片雲の風に誘われて

自転車で行ったところ、ことなどを思いつくままに写真と文で綴る。

7/10 橋本治『お春』読了

2024-07-10 16:30:12 | 読書

 明治直前の江戸最末期、浅草花川戸の乾物問屋北国屋の一人娘お春は17歳。縁談が持ち込まれたらしい。母親は数年前に亡くなっている。父親は外に囲っている芸者上がりを後添えに迎えたいが、一人娘が家にいるので実行しがたい。一人娘なので跡取り婿を迎えなければならない。そうなれば娘はずうっと家にいる。それでも結婚させて身代を継がせれば娘も納得するだろうと考え縁談を進めている。美人の誉れ高かった母親の死んだ原因は流産による出血死。しかしそのころ夫婦は妻がもう子供は生みたくないとの意向でお互いに対する興味を失っていた。妻の腹の子の父親は芝居役者。この夫婦がそれぞれ家の外で奔放な遊びをしていることは店の者も娘も知っている。母親も平然と役者の子を産もうと考えている。
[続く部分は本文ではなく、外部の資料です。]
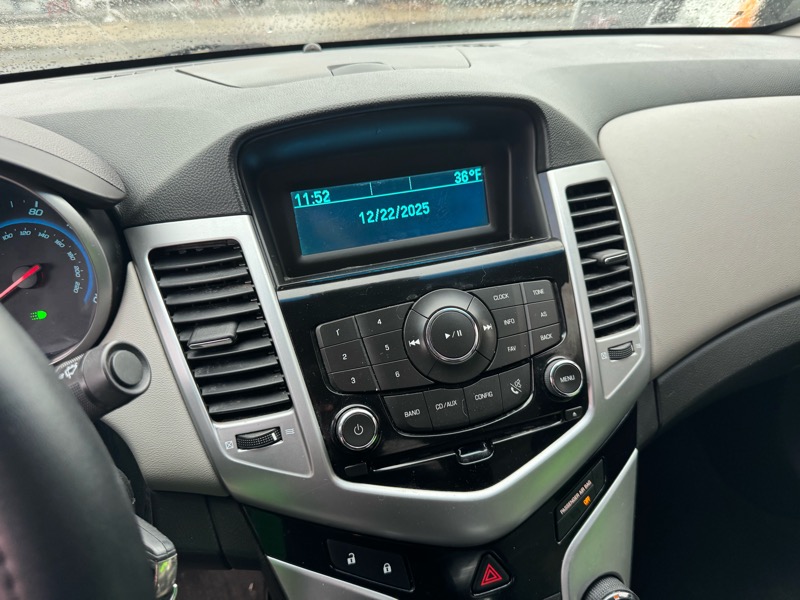 Chevrolet Cruze 2LS 2011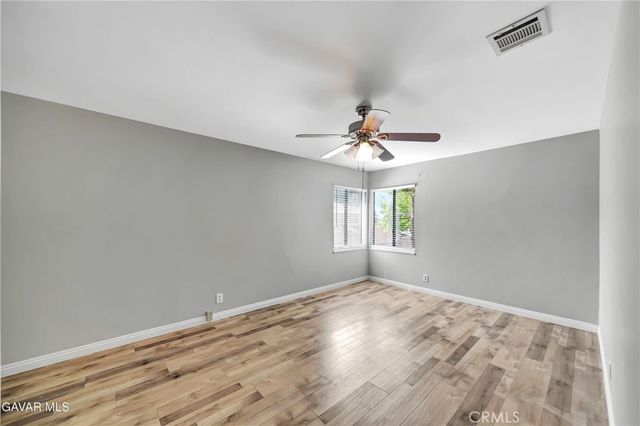 1160 W Avenue J5, Lancaster, CA 93534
店の手代の一人に21歳の清七がいる。色白の役者のような男だ。しかし気が弱く町で茶屋の女に声をかけられただけで赤くなり顔を背け通り過ぎるような男だ。しかし女中たちの中には密にあこがれている者もいる。お春も時々空想の中で清七とのことも妄想する。お春の縁談が進んでいることが店の者にも知られるようになったある晩、お春の寝間に忍び込んできた男があった。お春はつい清七かと問いかけてしまった。しかし違った。二番番頭の伝九郎だった。彼は店の金を使い込んでいて半ばやけくそで娘をものしてしまえば婿になれるかもと考えた。その晩はお春も驚いたが初めてのことで興味もあったので男のなすが儘を受け入れた。次の晩も味をしめた伝九郎が忍んできた。今度はお春が抵抗し騒ぎになった。家の者が盗人だと騒ぐ中伝九郎はお店から蓄電してしまった。
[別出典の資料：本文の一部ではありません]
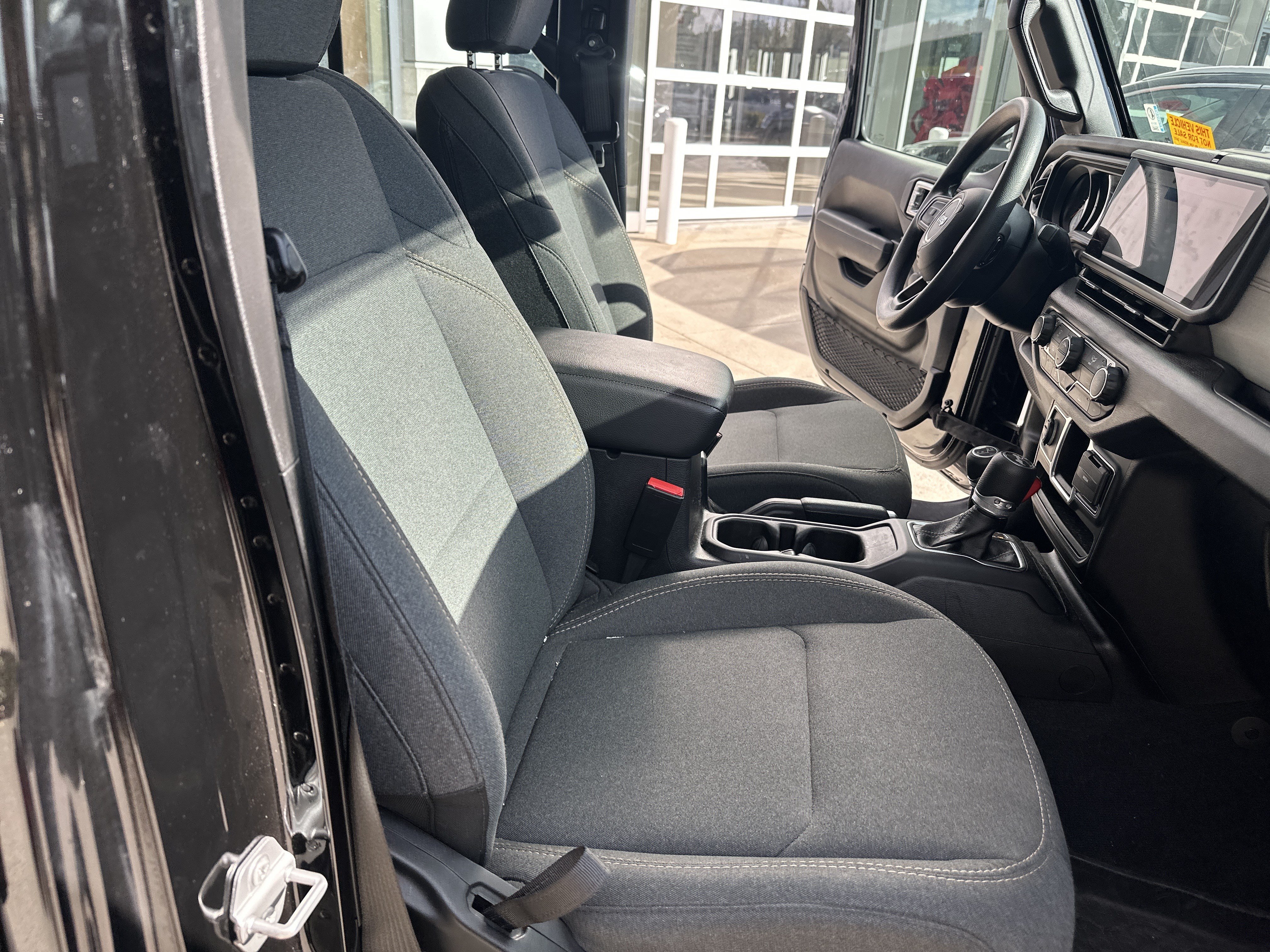 Used 2024 Jeep Wrangler Unlimited Sport AWD/4WD image 28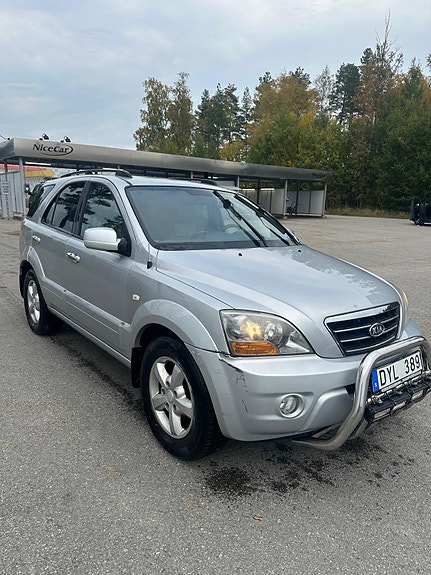 Kia Sorento 2 of 13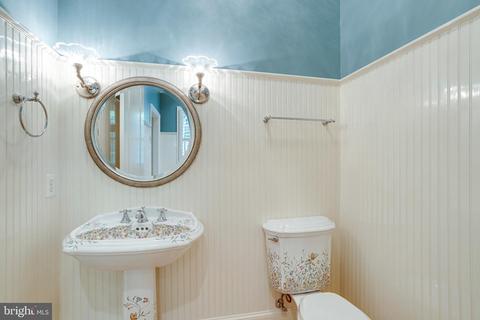 892 Alvermar Ridge Dr, Mclean, VA 22102 photo 21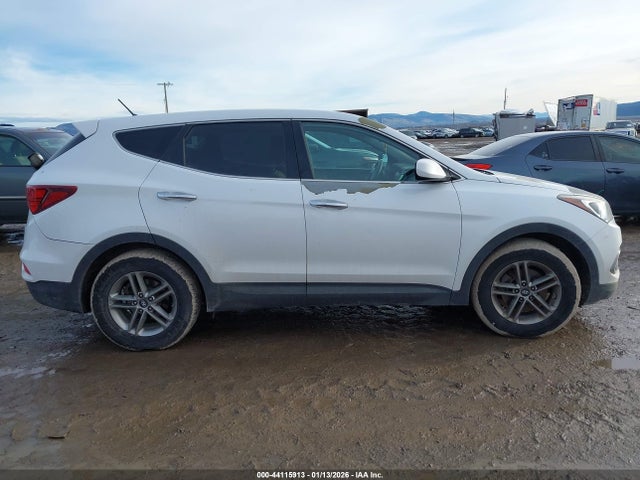 Продажа на аукционе авто 2018 Hyundai Santa Fe Sport 2.4l, vin: 5NMZTDLB5JH080495, номер лота: 44115913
 ここまでは話がどんなに進むのか予想がつかず、やめてしまおうかと考えたが、さすが橋本治これまでの記述の中に当時のお店の娘や乳母、使用人の心情や様子が興味深く綴られている。特にお春が見合いを兼ねた花見に行く準備として着物選びをする場面などは、染や絵柄について大いなる含蓄が披露される。自分の手持ちがどれも子供じみたものばかりだと思ったお春は母親の残した着物も広げさせて眺める。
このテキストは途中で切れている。